The strengths of this study are that the thermal recording set-up was standardised and performed at a stable room temperature making it possible to compare images throughout the study and also among participants. Furthermore, classification of the participants’ awareness status fulfils the criteria of three internationally accepted classification methods for hypoglycaemia awareness [29]. The differences in symptom scores and counterregulatory responses further support the classification. Finally, participants wore a CGM in the days leading up to the study so that episodes with hypoglycaemia could be identified and the study postponed if necessary. This was done because antecedent hypoglycaemia could potentially blunt the symptomatic and hormonal responses to hypoglycaemia induced during the study [30].
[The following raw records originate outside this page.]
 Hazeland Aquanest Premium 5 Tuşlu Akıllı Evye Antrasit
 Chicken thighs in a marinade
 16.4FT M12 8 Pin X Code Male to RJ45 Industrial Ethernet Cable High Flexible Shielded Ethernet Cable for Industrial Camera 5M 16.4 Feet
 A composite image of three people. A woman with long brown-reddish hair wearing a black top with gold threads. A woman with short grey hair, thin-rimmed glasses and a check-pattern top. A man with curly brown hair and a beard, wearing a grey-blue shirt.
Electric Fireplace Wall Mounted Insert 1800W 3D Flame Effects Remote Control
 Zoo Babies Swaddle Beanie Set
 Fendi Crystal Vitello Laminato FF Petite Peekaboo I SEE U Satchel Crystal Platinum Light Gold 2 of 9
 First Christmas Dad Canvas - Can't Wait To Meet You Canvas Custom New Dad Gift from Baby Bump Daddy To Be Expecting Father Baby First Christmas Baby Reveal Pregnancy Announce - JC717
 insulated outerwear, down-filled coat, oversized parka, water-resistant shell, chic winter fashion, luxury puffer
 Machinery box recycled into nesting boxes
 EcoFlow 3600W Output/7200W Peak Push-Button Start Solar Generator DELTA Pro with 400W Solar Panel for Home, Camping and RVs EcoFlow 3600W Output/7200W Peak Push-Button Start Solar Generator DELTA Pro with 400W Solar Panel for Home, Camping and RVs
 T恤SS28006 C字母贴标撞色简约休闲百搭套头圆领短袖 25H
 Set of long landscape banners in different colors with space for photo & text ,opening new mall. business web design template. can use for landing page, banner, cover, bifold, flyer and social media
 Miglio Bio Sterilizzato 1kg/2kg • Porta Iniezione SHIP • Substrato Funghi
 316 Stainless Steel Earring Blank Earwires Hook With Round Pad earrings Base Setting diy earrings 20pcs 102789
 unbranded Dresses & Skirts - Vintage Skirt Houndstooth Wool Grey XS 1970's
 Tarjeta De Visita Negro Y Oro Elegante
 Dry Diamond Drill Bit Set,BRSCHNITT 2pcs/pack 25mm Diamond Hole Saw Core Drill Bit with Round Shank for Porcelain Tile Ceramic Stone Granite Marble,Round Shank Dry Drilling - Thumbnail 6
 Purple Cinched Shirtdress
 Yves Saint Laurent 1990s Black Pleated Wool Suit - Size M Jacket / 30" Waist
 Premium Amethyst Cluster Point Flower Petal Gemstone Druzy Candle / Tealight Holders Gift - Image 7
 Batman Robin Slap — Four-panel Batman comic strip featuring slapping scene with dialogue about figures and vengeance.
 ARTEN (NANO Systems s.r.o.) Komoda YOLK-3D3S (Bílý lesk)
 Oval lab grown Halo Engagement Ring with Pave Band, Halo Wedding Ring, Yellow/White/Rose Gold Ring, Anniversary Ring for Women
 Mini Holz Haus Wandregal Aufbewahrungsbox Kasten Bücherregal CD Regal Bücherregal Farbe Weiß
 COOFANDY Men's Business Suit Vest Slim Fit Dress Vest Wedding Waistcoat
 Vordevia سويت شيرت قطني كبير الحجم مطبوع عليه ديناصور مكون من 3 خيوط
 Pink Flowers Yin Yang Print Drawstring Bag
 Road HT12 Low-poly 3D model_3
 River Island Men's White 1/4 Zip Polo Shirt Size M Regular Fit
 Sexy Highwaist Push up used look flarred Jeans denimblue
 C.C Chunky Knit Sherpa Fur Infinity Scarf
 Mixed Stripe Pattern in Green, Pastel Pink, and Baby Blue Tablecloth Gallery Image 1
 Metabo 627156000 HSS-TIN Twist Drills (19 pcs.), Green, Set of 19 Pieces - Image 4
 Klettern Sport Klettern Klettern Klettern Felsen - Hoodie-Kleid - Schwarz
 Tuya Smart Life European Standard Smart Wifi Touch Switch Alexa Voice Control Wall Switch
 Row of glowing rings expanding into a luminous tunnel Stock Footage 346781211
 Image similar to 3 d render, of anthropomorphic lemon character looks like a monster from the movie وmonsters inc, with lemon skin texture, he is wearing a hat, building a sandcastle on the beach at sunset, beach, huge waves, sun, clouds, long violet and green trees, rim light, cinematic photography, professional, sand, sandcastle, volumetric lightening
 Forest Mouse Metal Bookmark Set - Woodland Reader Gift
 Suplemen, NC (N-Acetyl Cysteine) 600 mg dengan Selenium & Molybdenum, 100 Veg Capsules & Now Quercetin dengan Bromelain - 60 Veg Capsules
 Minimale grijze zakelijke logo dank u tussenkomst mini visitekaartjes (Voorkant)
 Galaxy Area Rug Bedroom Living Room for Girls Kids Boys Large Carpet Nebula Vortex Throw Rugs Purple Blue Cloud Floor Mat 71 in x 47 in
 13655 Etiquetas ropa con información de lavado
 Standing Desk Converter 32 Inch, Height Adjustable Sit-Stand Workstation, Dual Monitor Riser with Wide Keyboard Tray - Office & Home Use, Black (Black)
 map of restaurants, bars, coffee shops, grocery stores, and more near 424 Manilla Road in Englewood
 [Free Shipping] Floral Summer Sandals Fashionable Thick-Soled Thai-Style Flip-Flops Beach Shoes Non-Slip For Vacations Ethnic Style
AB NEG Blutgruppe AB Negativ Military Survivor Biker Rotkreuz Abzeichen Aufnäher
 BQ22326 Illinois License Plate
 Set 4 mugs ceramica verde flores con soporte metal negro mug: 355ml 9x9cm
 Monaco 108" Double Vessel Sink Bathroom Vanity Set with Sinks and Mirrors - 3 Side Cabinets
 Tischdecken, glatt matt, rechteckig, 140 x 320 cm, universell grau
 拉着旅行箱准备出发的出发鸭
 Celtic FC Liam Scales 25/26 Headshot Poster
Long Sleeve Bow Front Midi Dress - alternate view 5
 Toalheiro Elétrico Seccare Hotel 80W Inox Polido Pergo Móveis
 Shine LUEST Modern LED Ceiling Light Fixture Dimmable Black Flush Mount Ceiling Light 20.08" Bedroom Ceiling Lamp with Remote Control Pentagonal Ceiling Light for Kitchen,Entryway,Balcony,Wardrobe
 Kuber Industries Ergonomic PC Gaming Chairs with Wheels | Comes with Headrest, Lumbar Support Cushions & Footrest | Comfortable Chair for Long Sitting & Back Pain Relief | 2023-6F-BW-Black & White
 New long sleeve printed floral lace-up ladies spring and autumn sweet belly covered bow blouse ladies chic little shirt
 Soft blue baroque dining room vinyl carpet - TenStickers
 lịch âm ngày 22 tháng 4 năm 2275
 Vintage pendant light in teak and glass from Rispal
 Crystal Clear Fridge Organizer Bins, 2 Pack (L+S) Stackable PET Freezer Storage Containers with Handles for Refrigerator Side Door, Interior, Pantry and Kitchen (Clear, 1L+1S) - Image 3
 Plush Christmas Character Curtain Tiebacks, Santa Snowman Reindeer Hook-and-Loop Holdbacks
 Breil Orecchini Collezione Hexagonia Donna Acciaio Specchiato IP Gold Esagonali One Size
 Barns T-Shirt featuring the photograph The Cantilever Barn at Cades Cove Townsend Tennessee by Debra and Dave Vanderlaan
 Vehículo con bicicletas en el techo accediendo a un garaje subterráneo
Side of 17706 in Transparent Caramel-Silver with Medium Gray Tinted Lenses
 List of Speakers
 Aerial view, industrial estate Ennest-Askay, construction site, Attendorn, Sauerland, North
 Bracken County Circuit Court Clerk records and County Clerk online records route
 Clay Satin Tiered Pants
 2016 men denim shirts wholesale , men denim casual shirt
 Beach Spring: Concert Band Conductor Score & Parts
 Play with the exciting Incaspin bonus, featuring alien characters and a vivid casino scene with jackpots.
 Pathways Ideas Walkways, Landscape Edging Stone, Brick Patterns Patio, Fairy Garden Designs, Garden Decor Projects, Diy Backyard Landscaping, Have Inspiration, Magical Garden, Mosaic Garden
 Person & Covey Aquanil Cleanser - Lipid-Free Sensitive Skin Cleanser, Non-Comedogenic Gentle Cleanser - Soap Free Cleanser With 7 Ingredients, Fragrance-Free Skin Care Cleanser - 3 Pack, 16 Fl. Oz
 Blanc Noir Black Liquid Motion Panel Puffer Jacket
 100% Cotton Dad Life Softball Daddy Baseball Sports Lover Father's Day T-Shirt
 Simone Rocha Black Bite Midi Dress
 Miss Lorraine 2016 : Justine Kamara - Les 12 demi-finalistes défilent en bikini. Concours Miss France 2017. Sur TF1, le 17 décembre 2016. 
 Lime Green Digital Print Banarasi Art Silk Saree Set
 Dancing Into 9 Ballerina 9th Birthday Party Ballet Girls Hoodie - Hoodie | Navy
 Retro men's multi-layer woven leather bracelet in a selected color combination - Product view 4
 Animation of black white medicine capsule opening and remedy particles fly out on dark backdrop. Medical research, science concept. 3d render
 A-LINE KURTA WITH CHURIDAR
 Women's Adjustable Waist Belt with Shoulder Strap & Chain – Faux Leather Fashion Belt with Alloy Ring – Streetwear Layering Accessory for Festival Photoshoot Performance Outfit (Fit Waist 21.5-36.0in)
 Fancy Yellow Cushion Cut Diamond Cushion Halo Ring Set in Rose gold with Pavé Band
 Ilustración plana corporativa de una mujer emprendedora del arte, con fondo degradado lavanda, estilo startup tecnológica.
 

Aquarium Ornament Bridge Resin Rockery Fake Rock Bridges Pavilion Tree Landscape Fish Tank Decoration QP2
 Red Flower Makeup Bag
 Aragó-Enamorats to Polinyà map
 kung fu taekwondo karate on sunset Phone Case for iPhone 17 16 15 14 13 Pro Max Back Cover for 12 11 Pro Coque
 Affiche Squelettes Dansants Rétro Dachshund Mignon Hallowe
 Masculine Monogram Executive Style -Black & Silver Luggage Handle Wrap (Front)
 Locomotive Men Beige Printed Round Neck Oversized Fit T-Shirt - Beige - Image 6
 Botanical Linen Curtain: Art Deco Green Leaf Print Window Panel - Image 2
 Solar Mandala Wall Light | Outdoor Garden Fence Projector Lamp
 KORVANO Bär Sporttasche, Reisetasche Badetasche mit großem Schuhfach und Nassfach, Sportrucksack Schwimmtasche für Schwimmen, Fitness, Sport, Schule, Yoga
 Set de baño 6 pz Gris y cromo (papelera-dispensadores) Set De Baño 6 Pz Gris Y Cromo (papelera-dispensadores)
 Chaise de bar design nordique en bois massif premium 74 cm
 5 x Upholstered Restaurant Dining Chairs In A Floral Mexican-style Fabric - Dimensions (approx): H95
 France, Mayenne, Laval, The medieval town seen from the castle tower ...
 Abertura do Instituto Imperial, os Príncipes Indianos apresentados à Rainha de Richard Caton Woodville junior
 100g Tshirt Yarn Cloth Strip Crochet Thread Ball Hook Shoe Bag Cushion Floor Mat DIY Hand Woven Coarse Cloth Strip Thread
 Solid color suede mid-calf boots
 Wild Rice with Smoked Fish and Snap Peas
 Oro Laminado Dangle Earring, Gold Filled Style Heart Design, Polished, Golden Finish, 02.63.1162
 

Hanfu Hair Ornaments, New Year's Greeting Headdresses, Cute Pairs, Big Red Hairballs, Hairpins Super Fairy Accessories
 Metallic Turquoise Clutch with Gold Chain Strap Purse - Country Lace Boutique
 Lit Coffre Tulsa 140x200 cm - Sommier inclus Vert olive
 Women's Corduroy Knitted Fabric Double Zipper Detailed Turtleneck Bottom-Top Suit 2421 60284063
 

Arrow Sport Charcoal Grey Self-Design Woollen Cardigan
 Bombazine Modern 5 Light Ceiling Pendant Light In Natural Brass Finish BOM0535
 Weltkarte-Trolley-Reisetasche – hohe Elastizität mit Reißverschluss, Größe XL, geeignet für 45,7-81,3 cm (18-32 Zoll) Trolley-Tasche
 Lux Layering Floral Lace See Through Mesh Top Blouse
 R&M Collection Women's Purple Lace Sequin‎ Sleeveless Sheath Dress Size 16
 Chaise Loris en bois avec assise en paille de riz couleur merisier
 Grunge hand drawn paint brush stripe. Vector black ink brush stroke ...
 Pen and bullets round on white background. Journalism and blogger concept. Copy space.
The limitations to this study include the fact that the aware group was assessed at slightly higher glucose levels despite a lower glucose infusion rate during hypoglycaemia compared with the unaware group. The difficulty in reaching the same nadir glucose in both groups may be a consequence of better counterregulatory capacity of aware patients, which also could explain the lower glucose infusion rate during hypoglycaemia and recovery in this group. Even though the unaware group received a slightly stronger hypoglycaemic stimulus, their temperature response was smaller than in the aware group. Moreover, there were differences between the two groups at baseline. The aware group was younger with shorter duration of diabetes, which is to be expected since age and duration of disease are well-known risk markers for development of hypoglycaemia unawareness [31, 32]. After adjusting for this in the statistical analyses, the results still showed the hypoglycaemia-induced temperature response differed between the two groups, although there was only a trend on the nose during hypoglycaemia. Also, in this study we chose to analyse the forehead, nose and fingertips. These areas were chosen in part because they were compatible with the rest of the study set-up. There might be other areas where the hypoglycaemia-induced temperature changes are even more pronounced. In this study, no tests for neuropathies, other than beat-to-beat variation, were performed. Instead prevalence of neuropathy was based on questionnaires and the patient’s medical records. It is therefore possible that the prevalence of neuropathy is higher. Both autonomous and peripheral neuropathy could potentially affect the thermoregulatory response. Further investigations are therefore needed to characterise the response in patients with neuropathy. Finally, the aim of this study was to analyse the response to hypoglycaemia in patients with type 1 diabetes, no non-diabetic control group was therefore included in this study and no euglycaemic control studies were performed. These aspects deserve attention in future studies.

In conclusion, Ts is decreased on the nose and forehead during hypoglycaemia in patients with type 1 diabetes as assessed by infrared thermography. The hypoglycaemia-associated changes in Ts were more pronounced in patients with normal hypoglycaemia awareness compared with unaware patients.